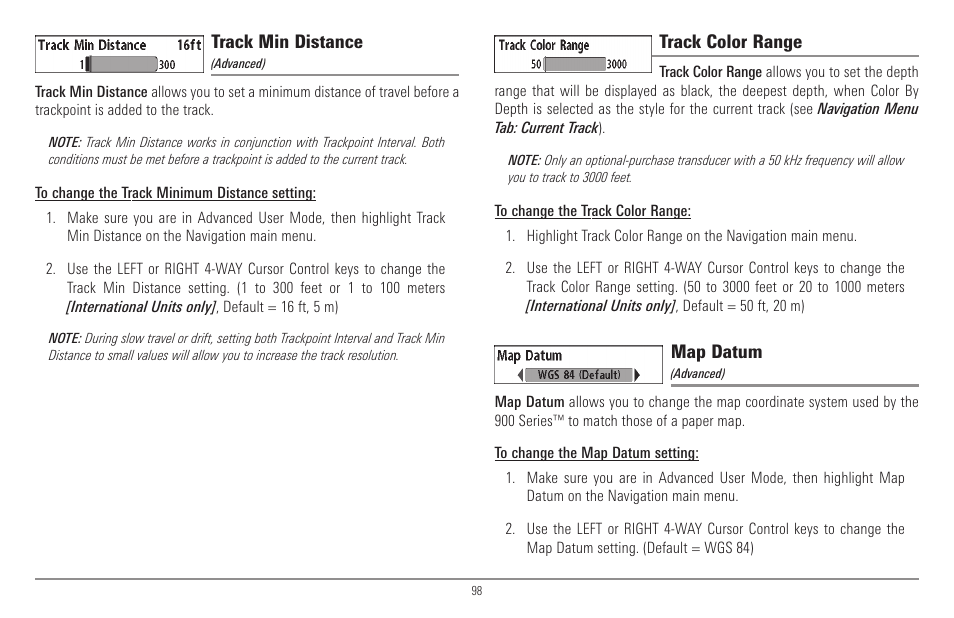 Humminbird 900 Series User Manual | Page 105 / 146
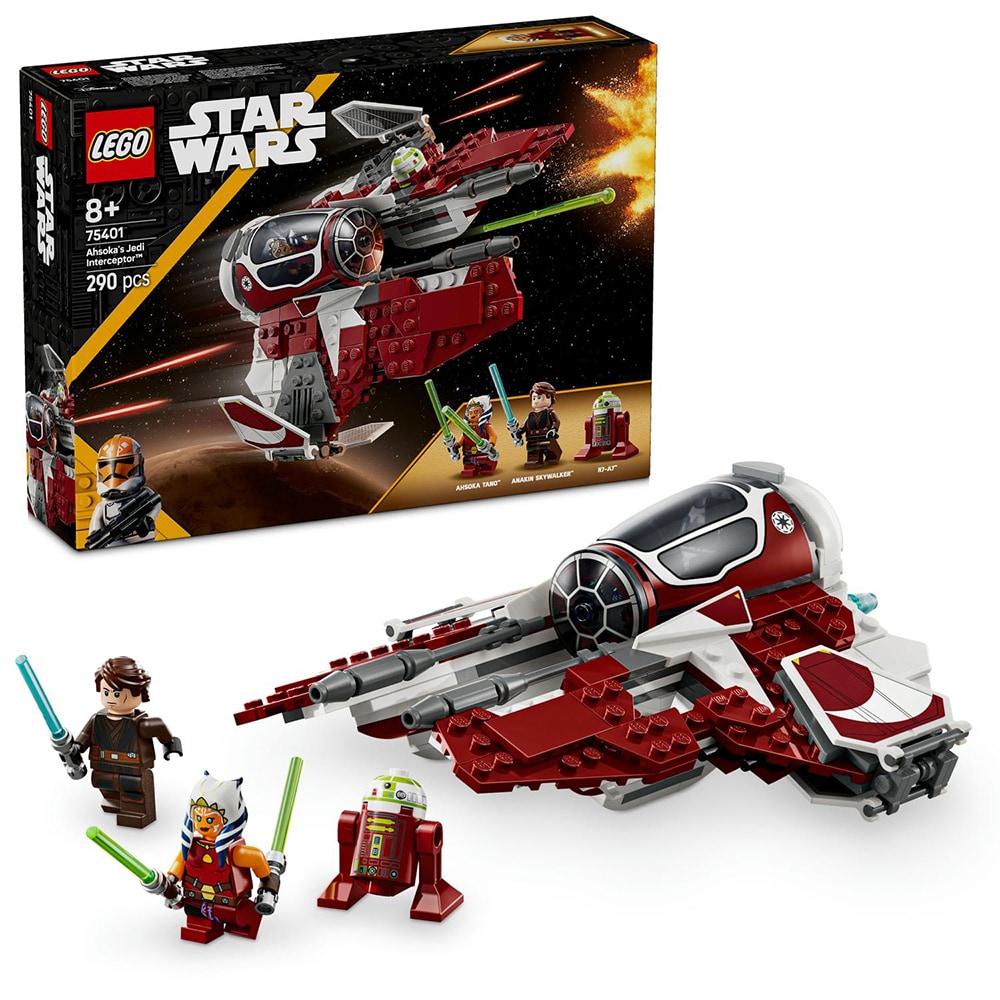 LEGO Star Wars: TM Nava Interceptor Jedi a lui Ahsoka 75401, 8 ani+, 290 piese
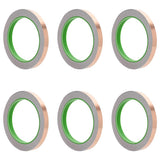 Vidaxl kopertape 6 pcs koper 2000 x 1 cm koper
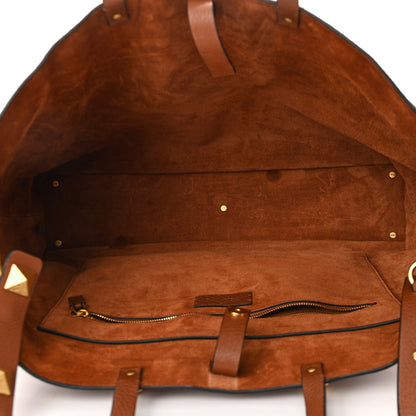 Valentino Garavani Grained Calfskin Large Roman Stud Tote Selleria 5 of 12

+++

:: Assignment ::
Copy out the lines above in full and unaltered, apart from the pictures.

:: Solution to the exercise ::
 Humminbird 900 Series User Manual | Page 105 / 146
 LEGO Star Wars: TM Nava Interceptor Jedi a lui Ahsoka 75401, 8 ani+, 290 piese
 Vidaxl kopertape 6 pcs koper 2000 x 1 cm koper
 Valentino Garavani Grained Calfskin Large Roman Stud Tote Selleria 5 of 12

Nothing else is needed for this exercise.